▶ **Instructions to follow**
Begin at the line where "autoglass sbc" appears and reproduce exactly every line through the end of the data below, both included, skipping pictures.

[Short descriptive text snippets]

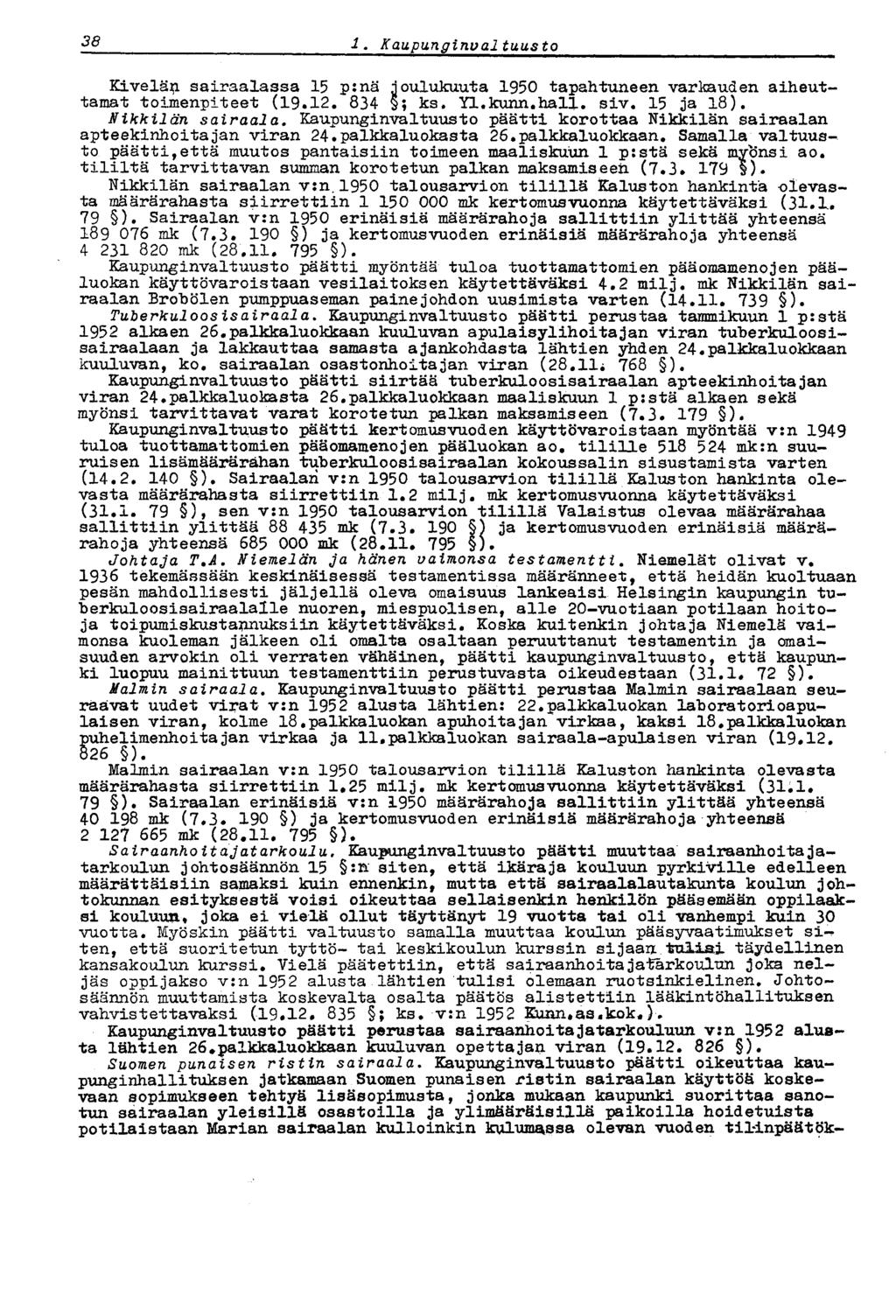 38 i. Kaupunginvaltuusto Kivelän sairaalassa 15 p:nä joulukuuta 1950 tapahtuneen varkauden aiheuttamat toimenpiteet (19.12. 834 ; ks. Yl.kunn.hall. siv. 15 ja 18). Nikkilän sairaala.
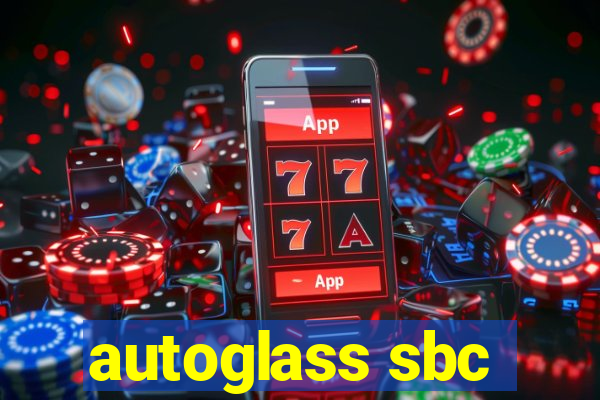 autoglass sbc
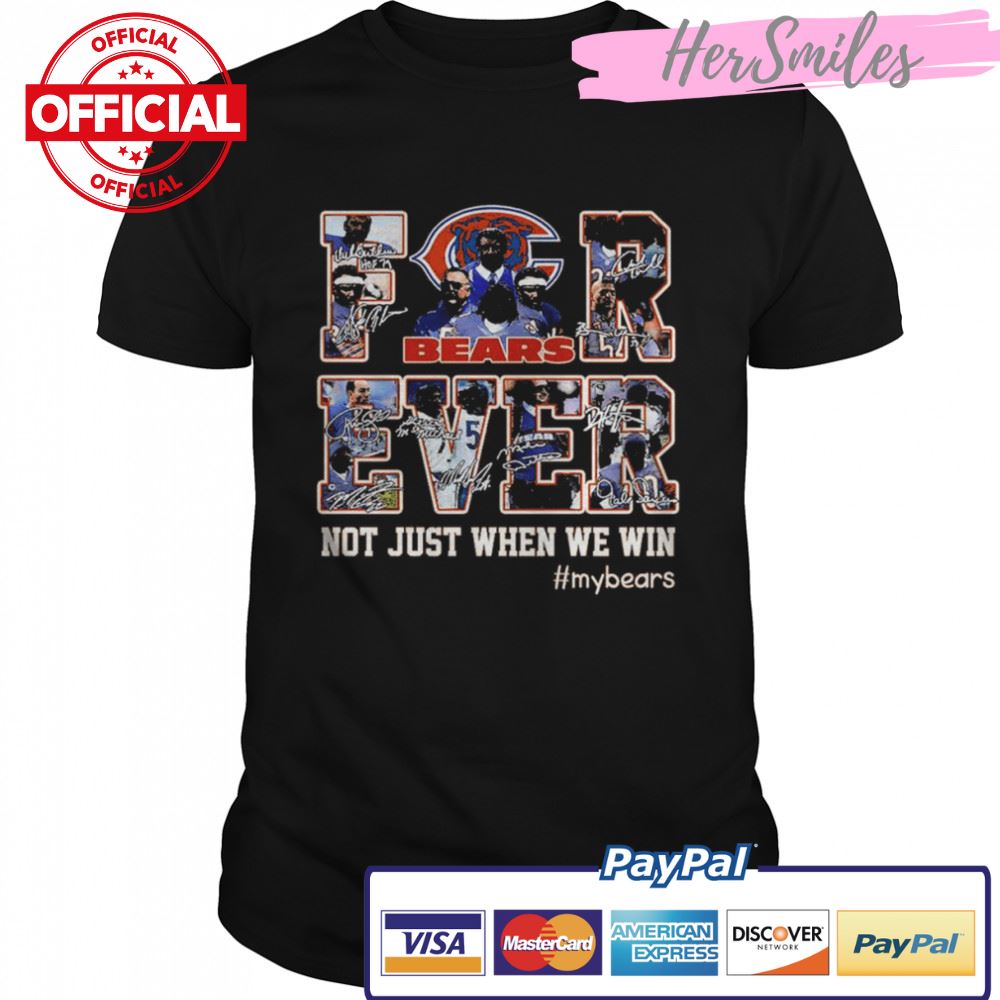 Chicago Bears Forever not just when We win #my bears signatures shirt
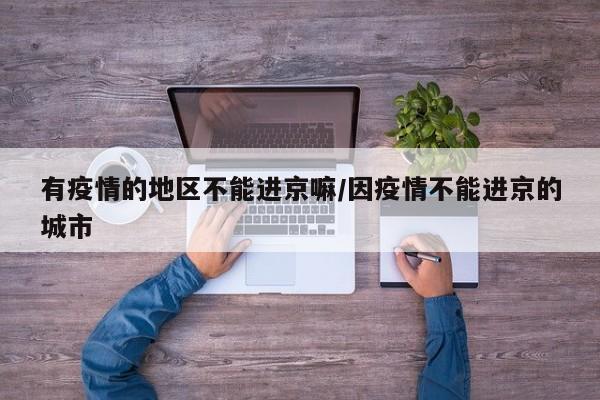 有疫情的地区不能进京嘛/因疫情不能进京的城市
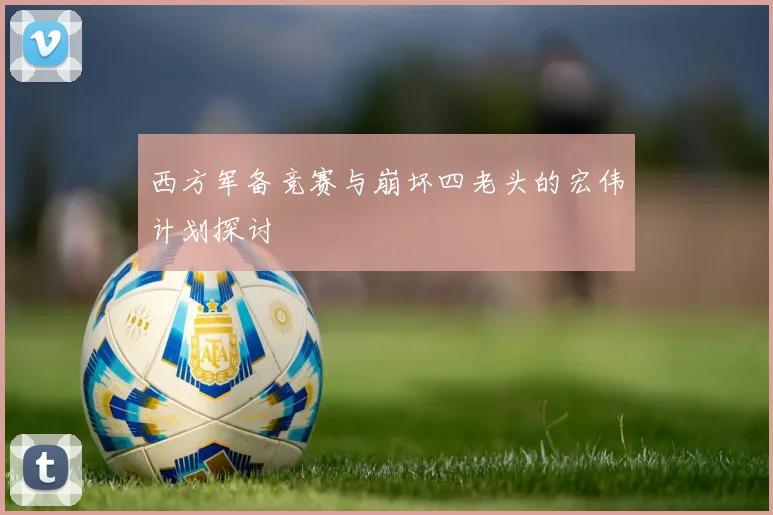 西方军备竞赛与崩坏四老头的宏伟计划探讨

▶ **Exercise response**
 autoglass sbc
 Chicago Bears Forever not just when We win #my bears signatures shirt
 有疫情的地区不能进京嘛/因疫情不能进京的城市
 西方军备竞赛与崩坏四老头的宏伟计划探讨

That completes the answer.